Tempermentally, M is very even keel, and much like her father, who was “37 on the day he was born” as my mother-in-law often says about her son. She is often a very happy child and very cooperative. Like her father, she can be stubborn at times, but mostly that’s only when she’s really frustrated or tired (which doesn’t happen often). She has had some issues related to her shyness, but she’s a typical slow-to-warm-up shy child and once she warms up, she is usually fine.

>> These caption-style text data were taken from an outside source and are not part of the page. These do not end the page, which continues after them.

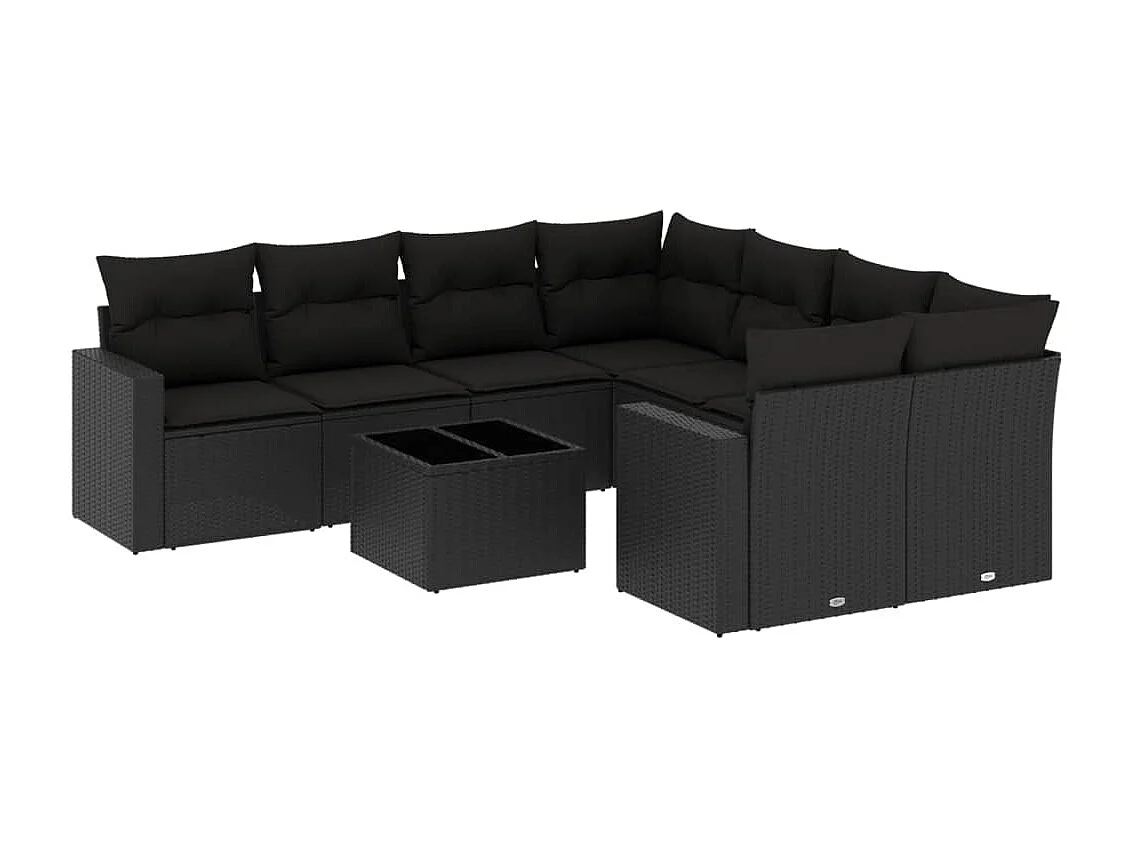 Salon de jardin 9 pcs avec coussins noir résine tressée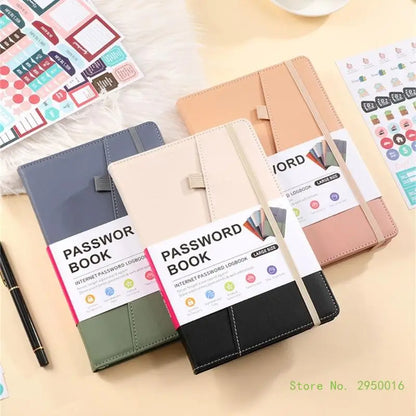 A5 PU Hardcover Password Book with Alphabetical Tabs – Password Keeper Notebook for Internet Login Storage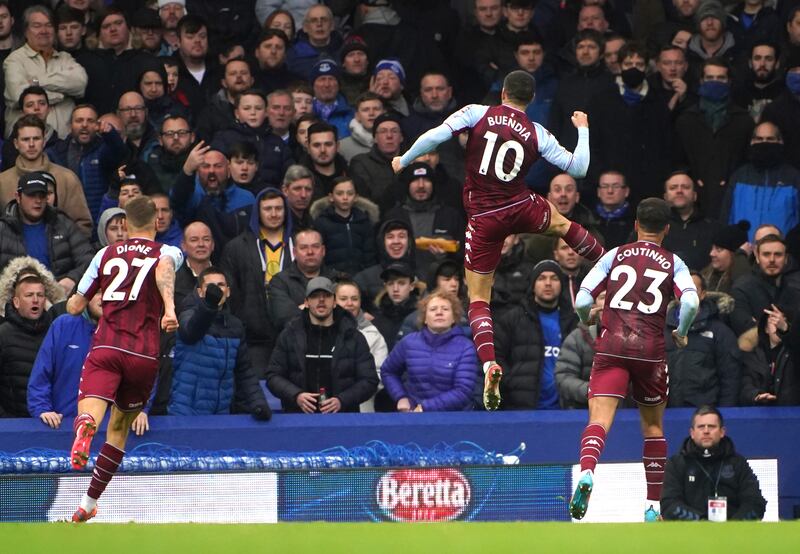 Aston Villa's Emiliano Buendia celebrates scoring at Goodison Park. PA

It’s been exciting to see her develop and she’s blossoming very nicely. It has been very neat to see how far she’s come in just 2 years of school, both socially and academically. I’ve been very grateful to see that she is not trying to hide her abilities to fit in, and that she likes who she is and loves challenging herself and doesn’t let being a girl interfere with her desires to do anything a boy can do. So far, she’s been well received among the boys too, who let her in on their games and I hope they continue to see her on par with them. I know this might change as she gets older, but for now, she’s got a lot of respect among her little friends who are boys. We only have boys her age on our block, and her best friend is a boy. I really have no idea how she is with girls, but I hear no complaints from her.

Oh, and yeah – this is the same child who would not sleep as an infant and who couldn’t for some reason get the breastfeeding thing right no matter how hard I tried and posted about here and had to supplement with formula from birth, and who first made me look outside the mainstream for parenting advice because none of the standard advice worked. Thank goodness early on I found Dr. Sears and attachment parenting practices because she was a classic case of fussy baby. I didn’t want to harm her through CIO methods (despite all the warnings from family members I’d create a clingy child if I didn’t) though I have to admit it’s not for lack of trying, but it just didn’t work. I couldn’t let her scream. After 15 minutes of screaming, and crying outside the door myself, I couldn’t do it anymore. That’s not what I wanted to do to my child.

I’m so glad I did start attachment parenting with her, because I knew in my heart, that was the only way that made sense to me. Now I also know it was exactly the right way to parent her too because the proof is right before my eyes.

So there you have a not-so-little synopsis of my oldest child.